When I first heard the exhibition remit I was a little apprehensive! I decided I wanted my images to work together as a group, complimenting each other and with a similar feel. I love taking photos of trees and foggy conditions so felt for me those images were an ideal fit. I edited quite a few images that I felt fitted my remit and also worked in B&W, and three of my four images were all taken the same winter within three weeks of one another and just felt right together. The fourth image, "on the edge of the field" I felt really complimented the others, as they all have an atmospheric, almost fairy-tale quality to them.

Stuart Lamont

My passion for Landscape Photography came about when I joined my local Camera Club some 18 years ago, this also fuelled my interest in Black & White photography after seeing some of the work club members were producing. I decided I wanted to take it a stage further after seeing some Infrared work in one of the monthly magazines and therefore I decided to convert an old Nikon D200 to Infrared.

The shots below were all taken during the summer months which are particularly good for Infrared as the trees are in full bloom and there is a good contrast with the blue sky behind. If you get the right subject matter you can produce some lovely images.
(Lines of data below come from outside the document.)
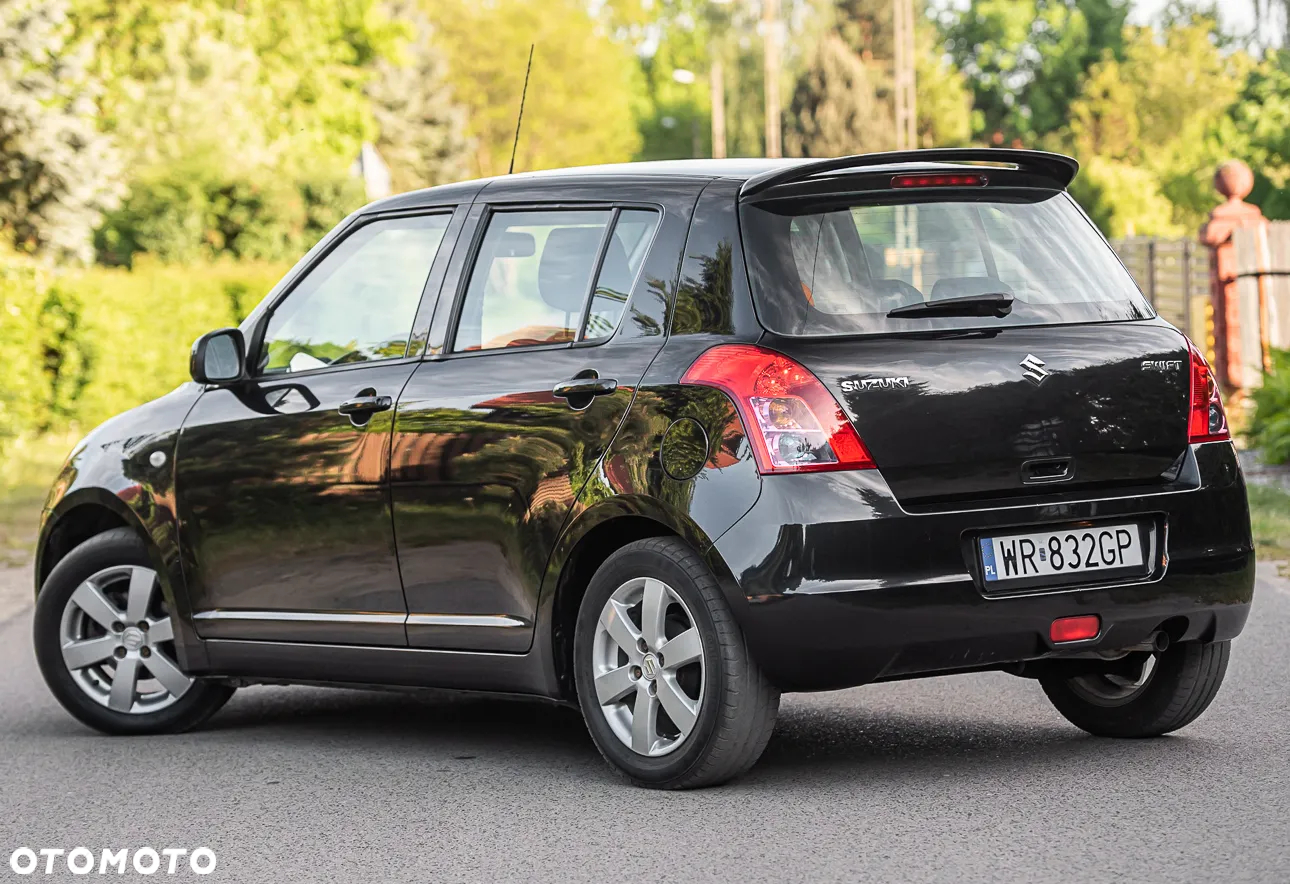 Suzuki Swift 1.3 Comfort - 9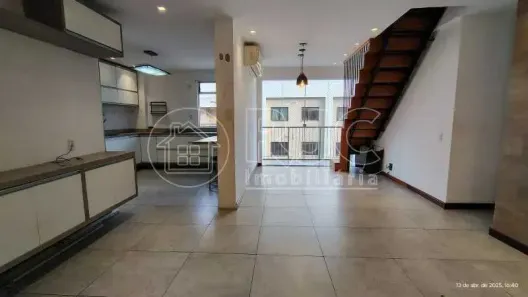 Cobertura com 3 Quartos à venda, 120m² no Tijuca, Rio de Janeiro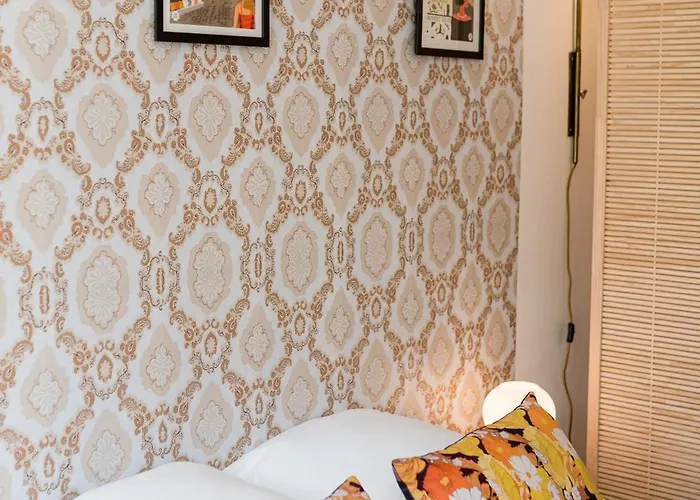 شقة فندقية Robs - Confort, Tv Connectee, Debit, Localisation Ideale - Courts Sejours & Affaires 3*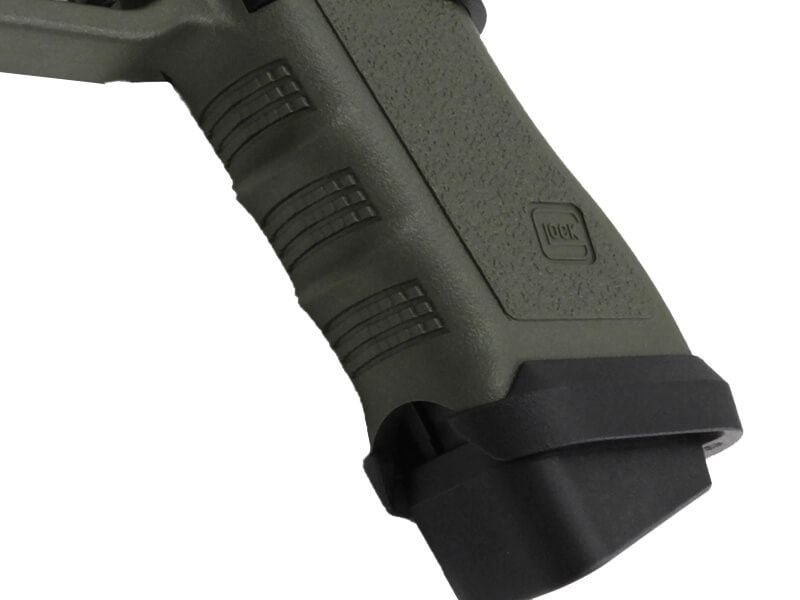 東京マルイ] グロック17 カスタム フォリッジグリーン ガスブロー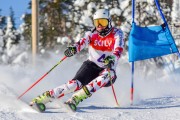 FIS Baltic Cup 2018 3. posms, jauniešu un meistaru PSL kvalifikācija, Foto: Emīls Lukšo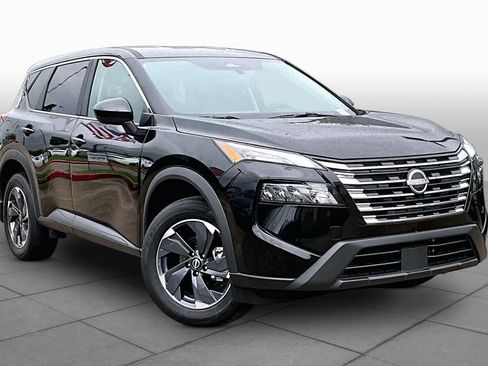 Certified 2025 Nissan Rogue SV FWD image 3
When the Black & White Exhibition was announced earlier this year I immediately thought that showing some Infrared work would give the exhibition an added extra dimension which I hope the viewers will enjoy.

Annette Forsyth

While I mostly work in colour, I have always enjoyed creating black & white images for their timeless quality and slightly more abstract nature and was delighted to be part of the exhibition at Birnam. For my final choices I decided to go for mountain scenery and coastal images as I knew a few of the other photographers were into treescapes.
Two of my chosen images “Shifting Light on Beinn a’Chearcaill” and “Torridon Wilderness” were taken on a very atmospheric day in February when the cloud lifted and descended at will. “Lower Falls, Glen Nevis” and “The Needle, Quiraing, Isle of Skye” are images from more well known locations that I personally enjoyed. Sometimes it can be a good idea to include a few images that people recognise and may have a connection with.

John Thow

To match the exhibition brief I chose ‘Shimmering Birches’ captured using ICM (Intentional Camera Movement) which gives a blurred and mystical view of some magnificent silver birch trees in Glen Lyon.
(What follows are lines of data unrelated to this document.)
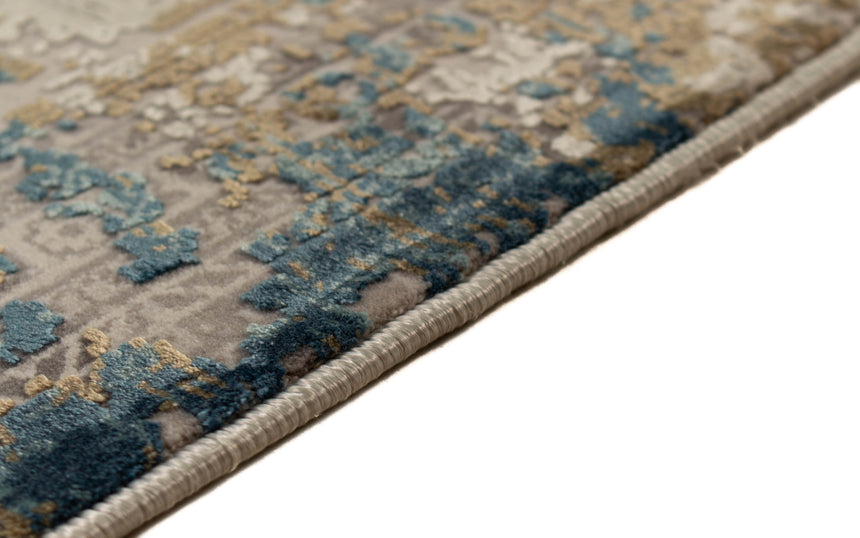 Alfombra Moderna Diseño Abstracta | 290 x 200 cm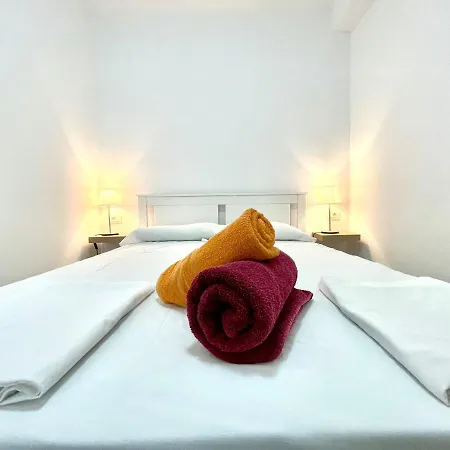 아파트 Apartamento Con Wifi, Piscina, Cerca Playa En Tenerife Sur *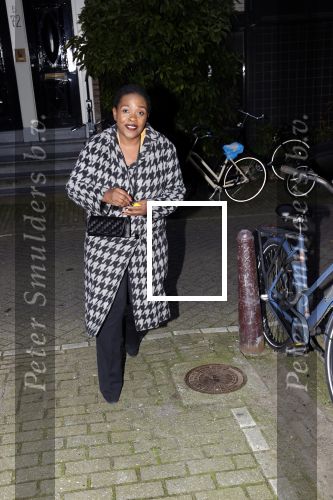 Amsterdam november 2021
Diner bij Harpers Bazaar. Simone Weimans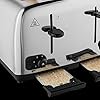 Russell-Hobbs-24090-Adventure-Four-Slice-Brushed-Polished-Stainless-Steel-Toaster Russell Hobbs 24090 Adventure Four Slice, Brushed Polished Stainless Steel Toaster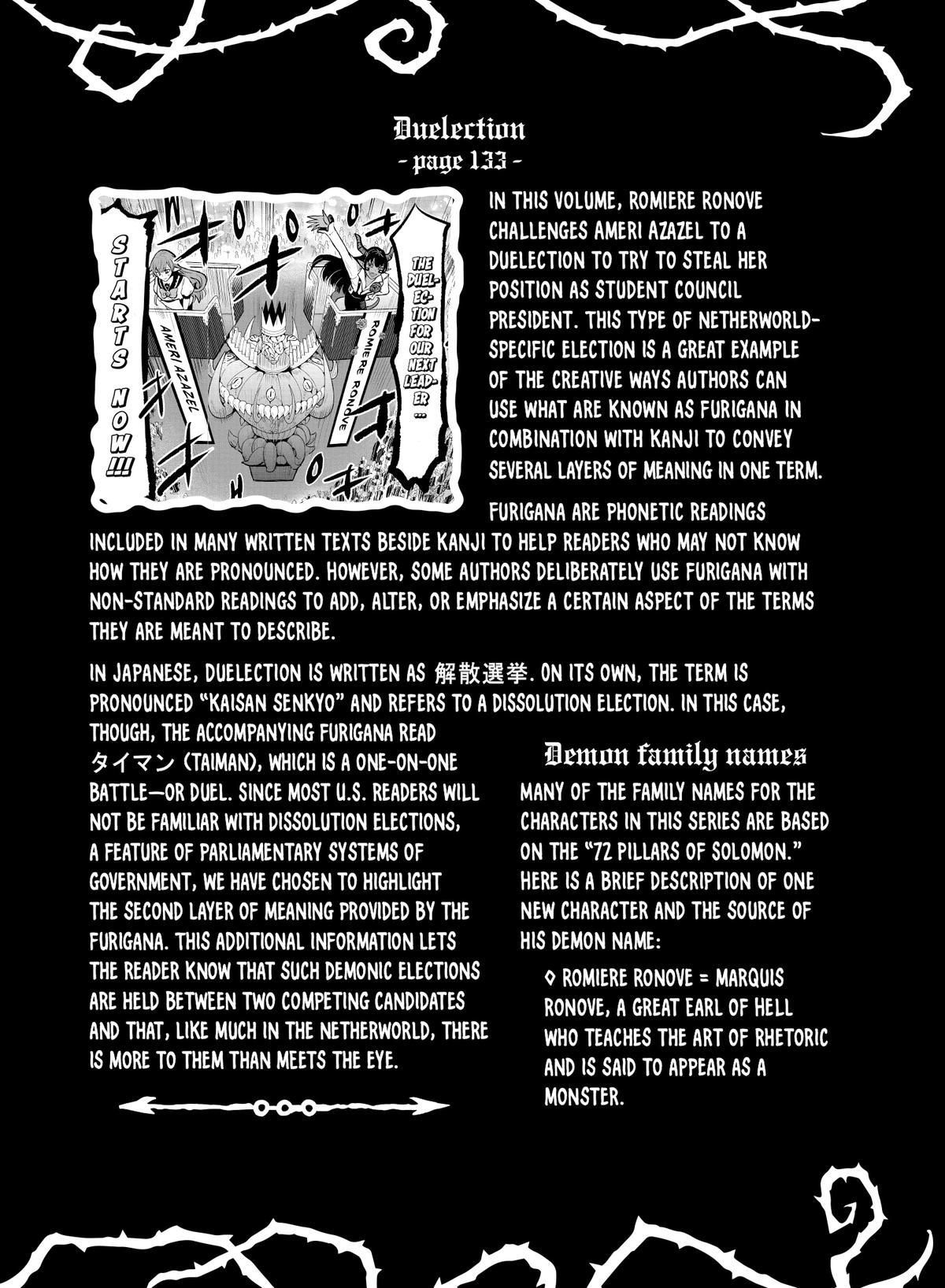 Read Welcome to Demon School En Manga Online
‘Fogbound’ is an image of the new Queensferry Crossing over the Firth of Forth. A fleeting moment in time captured by a hand held shot when I spotted a bank of fog rapidly approaching the bridge. I enjoy the simplicity yet complexity of the moody monochromes captured in black and white photography.

Katherine Fotheringham

The brief of black and white images struck fear and horror into me as it wasn't something that I dabbled with too much. I already had one black and white image, 'The Frandy Tree' that I was keen to use, so it was just a case of taking two more images that would complement this image.
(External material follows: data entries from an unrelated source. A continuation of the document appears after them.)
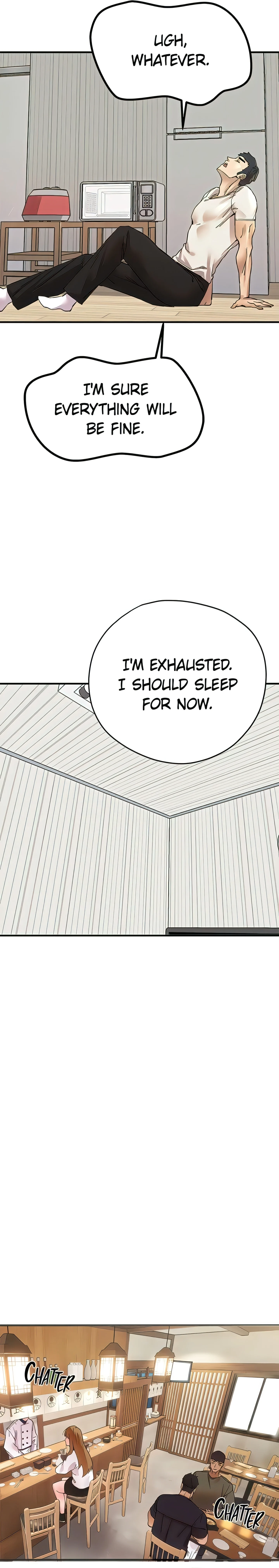 I Have to Sleep with a Stranger (Official) chapter 2 page 37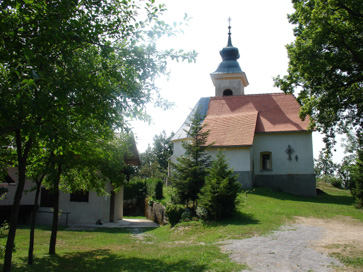 Podvin pri Polzeli - Cerkev sv. Miklavža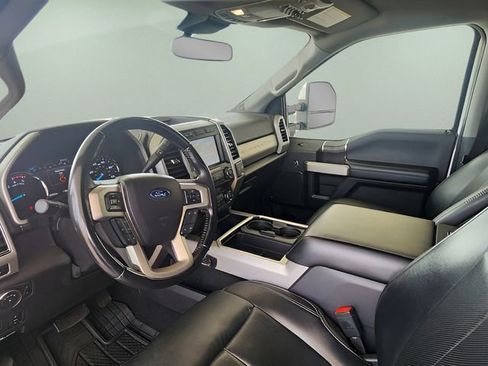 Used 2021 Ford F350 Lariat w/ Lariat Ultimate Package AWD/4WD image 13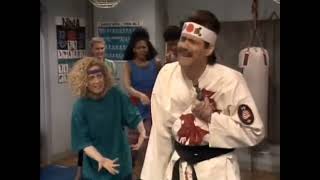 🥋 Jim Carrey as the Outrageous Karate Instructor | In Living Color Classic Sketch👊 #comedy #comedian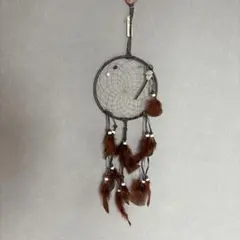 ブラウン ドリームキャッチャー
'The Praying Hands' is one of my favourite places to visit and I was keen to include it in this exhibition so when I was in the area with snow falling and an atmospheric mist flowing down the glen I grabbed the opportunity to bag the second photo of my three for the exhibition.

My third photo came on an equally miserable cold and snowy day. I had Ossian's Hall at The Hermitage in mind, so when I woke to heavy flakes of snow falling, I headed up to the location to capture the envisaged scene.

Final note....

Preparing a solo exhibition is hard work (as most photographers will identify with), but having to collaborate with seven other photographers was more challenging. Luckily they were a great bunch of people to work with which made my life a lot easier!
Communicating back and forth with the venue, printers, framers, exhibitors, and collating all the information, organising all the press releases, promotional activity etc was not without its challenges and was a very time-consuming but enjoyable experience which I have relished. Will I do it again?.....yes! We have another exhibition coming up in November!

The ‘Monochrome’ exhibition is open to the public until Saturday the 28th of September, from 10am until 5pm, at the Birnam Arts centre in Perthshire. Entry is free.